Securities registered pursuant to Section 12(b) of the Act:
Title of each classTrading Symbol(s)Name of each exchange on which registered
Class A Common Stock, $0.001 par value per shareHLNEThe Nasdaq Stock Market LLC

Indicate by check mark whether the registrant is an emerging growth company as defined in Rule 405 of the Securities Act of 1933 (§230.405 of this chapter) or Rule 12b-2 of the Securities Exchange Act of 1934 (§240.12b-2 of this chapter).
Emerging growth company    
If an emerging growth company, indicate by check mark if the registrant has elected not to use the extended transition period for complying with any new or revised financial accounting standards provided pursuant to Section 13(a) of the Exchange Act.    



Item 5.02. Departure of Directors or Certain Officers; Election of Directors; Appointment of Certain Officers; Compensatory Arrangements of Certain Officers.

On May 5, 2023, Hamilton Lane Incorporated (the “Company”) appointed Andrea Anigati Kramer as Chief Operating Officer, effective May 8, 2023.

Ms. Kramer, 55, joined Hamilton Lane Advisors, L.L.C. (“HLA”) in February 2005 and has served as a Managing Director of HLA since 2010. In that role, she is responsible for the oversight and management of client solutions and the global primary fund investment team and also serves as a member of various investment committees of the firm. Since April 19, 2023, she has also served as interim Chief Risk Officer of HLA. From September 2020 through its deregistration in December 2022, Ms. Kramer served as Chief Executive Officer and Director of HLA’s sponsored special purpose acquisition company, Hamilton Lane Alliance Holdings I, Inc. Prior to joining the firm, Ms. Kramer worked as a General Partner at Exelon Capital Partners from 1999 to 2002, where she conducted market analysis, due diligence, technical analysis, business model analysis, negotiations, deal structuring and management of a corporate-sponsored private equity portfolio. Prior to Exelon, Ms. Kramer worked as a Senior Business Development Manager for Philadelphia Gas Works and as a Fund Manager for Murex Corporation. Ms. Kramer earned a B.A. in Economics from Franklin and Marshall College and an M.B.A. in Finance from Temple University.

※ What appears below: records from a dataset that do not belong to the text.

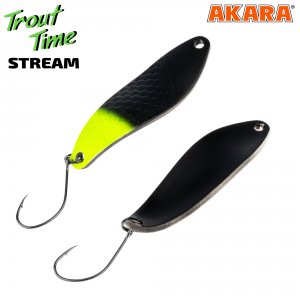 Блесна колебалка Akara Trout Time Stream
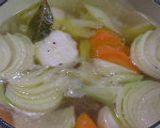 鶏の旨味ギュッ！シンプルなポトフ作り方4写真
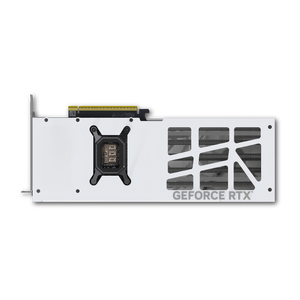 GeForce RTX 5080 X3 OC White 16GB GDDR7 Triple Fan Low Noise SFF Desktop New Gaming Graphics Card - Product Image 2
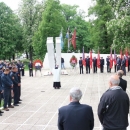Svečani mimohod vatrogasaca, polaganje vijenaca i paljenje svijeća 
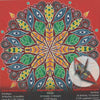 Kaleidoscope--Artistic 6" 24 Sheets
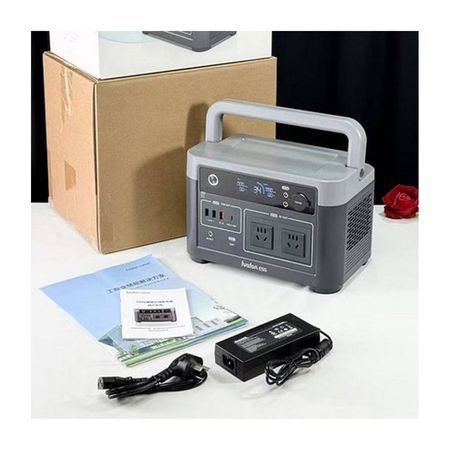 پاور استیشن Hrafon مدل 600W منبع برق جایگزین ژنراتور | تست شده پِلا شاپ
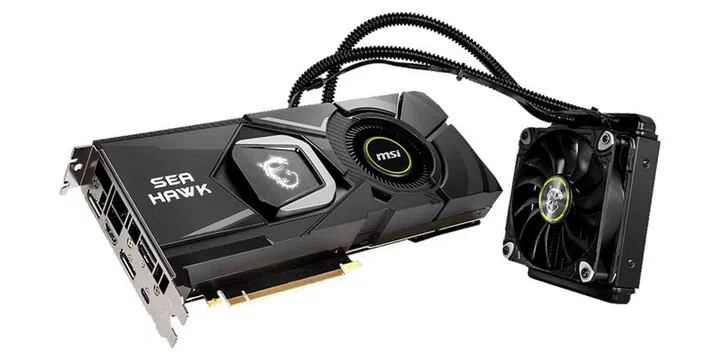 MSI GeForce RTX 2080 Ti Sea Hawk X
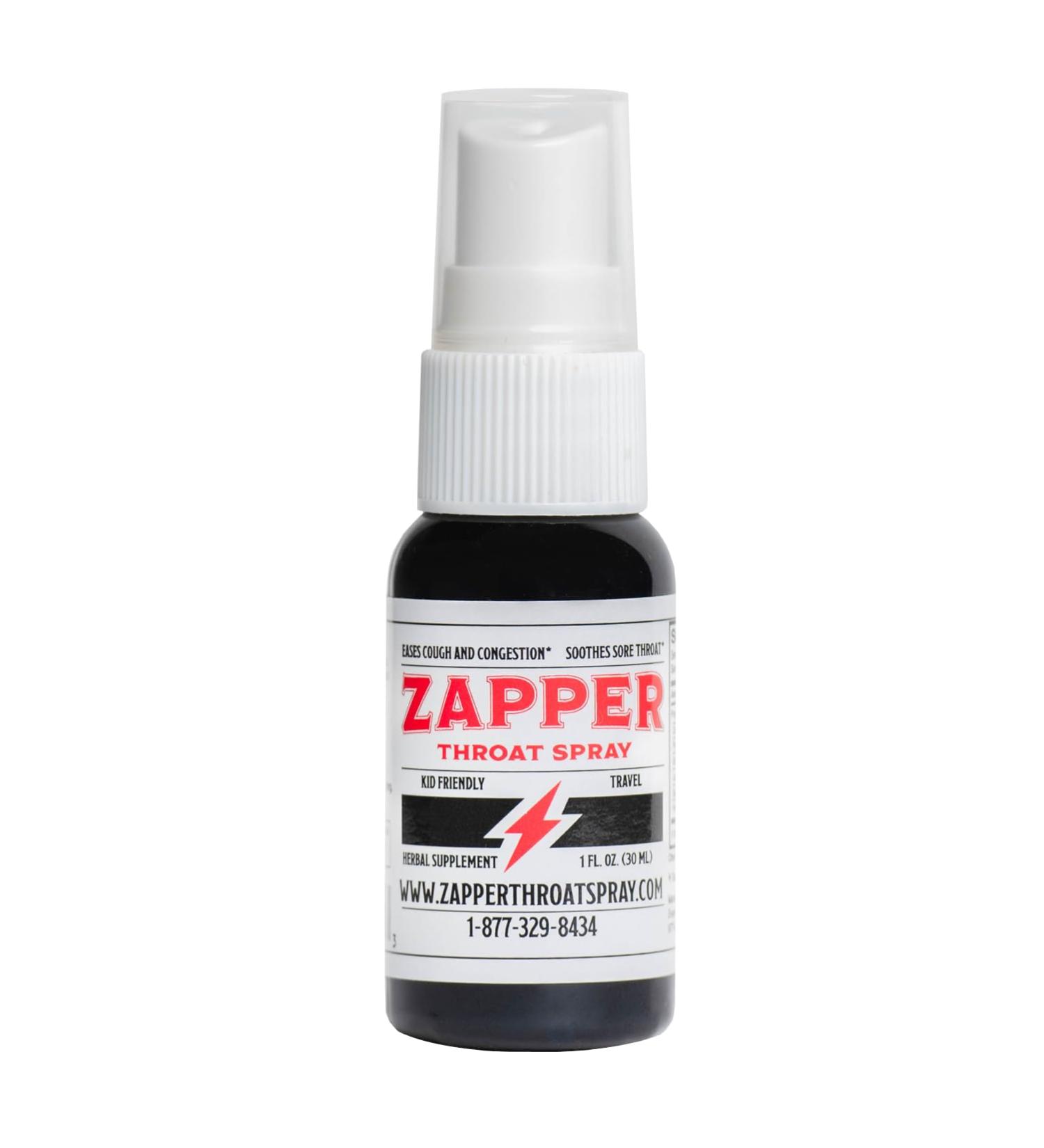 All-Natural Herbal Throat Spray | Natural Immune Support & Sore Throat Relief | Antioxidants Antimicrobials Anti-inflammatory (1 fl oz / 30 ml - Buy Online on GoSupps.com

Ms. Kramer’s compensation entitlements will not change in connection with her appointment. She will continue to earn a base salary and be eligible for a discretionary cash bonus and to participate in the Company’s equity incentive and carried interest plans, as well as other health and welfare benefits made available to employees.

There is no arrangement or understanding between Ms. Kramer and any other persons or entities pursuant to which she has been appointed as Chief Operating Officer, and there is no family relationship between Ms. Kramer and any directors or executive officers of the Company. Ms. Kramer is not currently engaged, and has not during the last fiscal year been engaged, in any transactions with the Company or its subsidiaries that are required to be disclosed under Item 404(a) of Regulation S-K, except for the following:

As a significant pre-initial public offering (“IPO”) owner of HLA, Ms. Kramer is a party to the Company’s tax receivable agreement, exchange agreement and stockholders agreement with respect to her continuing ownership interest in the Company. These agreements are described in detail in the Company’s 2022 proxy statement, and Ms. Kramer participates on the same terms as other similarly situated members of senior management.

As previously disclosed, pre-IPO owners of HLA, including certain directors, executive officers and beneficial owners, receive periodic payments under the tax receivable agreement. Since the beginning of the Company’s 2023 fiscal year, Ms. Kramer received a payment under the tax receivable agreement of $127,788.

Also as previously disclosed, certain of the Company’s employees are permitted to invest their own capital in the Company’s funds alongside its clients. As of the date of her appointment, the aggregate amount that Ms. Kramer is authorized to invest is $550,000.

As a party to the stockholders agreement, Ms. Kramer has agreed to vote all shares of the Company’s voting stock, including Class A common stock and Class B common stock, in the manner directed by the Company’s controlling stockholder, HLA Investments, LLC (“HLAI”), an entity controlled by our Chairman, Hartley Rogers, on all matters submitted to a vote of the Company’s stockholders. Due to the aggregate voting power of HLAI, it is able to exercise control over all matters requiring stockholders’ approval, including the election of directors and any significant corporate transactions.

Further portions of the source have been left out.